Re: [gtkmm] Glib::ustring bug?



>> Joe Yandle <jwy divisionbyzero com> writes:

 > I think you've missed the point about ustring::raw().  It does *not*
 > return a C style string, so the fact that your code snippet worked
 > under gcc-RH is simply an accident.

 I don't understand what you are trying to say here...

 std::cout << std::string("123") << std::endl;

 works, and so should

 std::cout << Glib::ustring("123").raw() << std::endl;

 since the documentation says it returns a const std::string & (which it
 does).

 The fact that Glib::ustring is *not* a template is noteworthy.  In
 particular, Glib::ustring::ustring(const char*) is a compiled function.
 I suspect the problem is that the internal std::string of ustring is not
 compatible with STLPort's std::string (which is perfectly ok).  Fact is
 Glib::ustring::raw()'s return value is not the same std::string as the
 one used by operator<<(std::ostream &, const std::string &).
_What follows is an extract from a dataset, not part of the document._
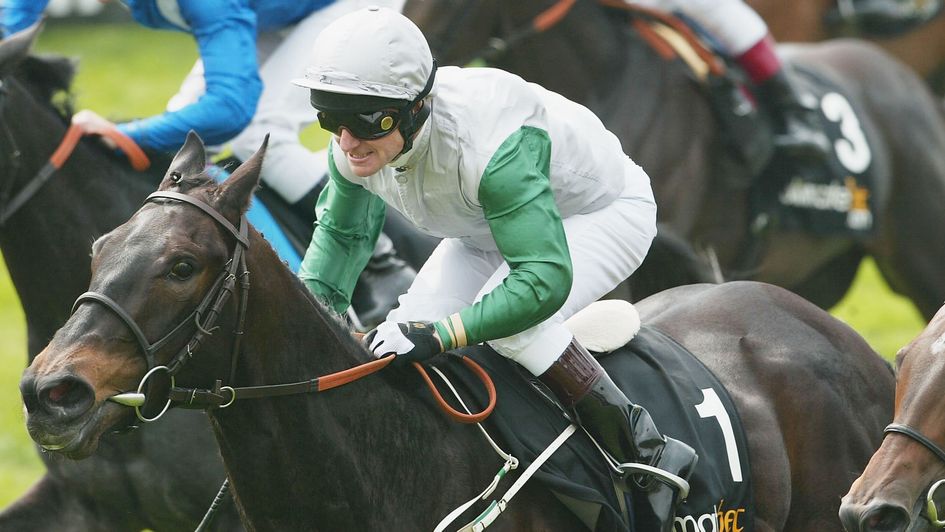 Attraction winning the 1000 Guineas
 > Outputting an unterminated char* to a C++ iostream is as likely to
 > cause a segfault as anything else, since the stream will keep
 > outputting characters until it reaches a null.

 That's correct, but it has nothing to do with this case.  I think you
 people are confusing Glib::ustring::raw() with std::string::data(),
 which returns a sequence of characters which may or may not be NULL
 terminated.  IIRC some STL implementation out there (Sun's?) has a raw
 member function in the string class.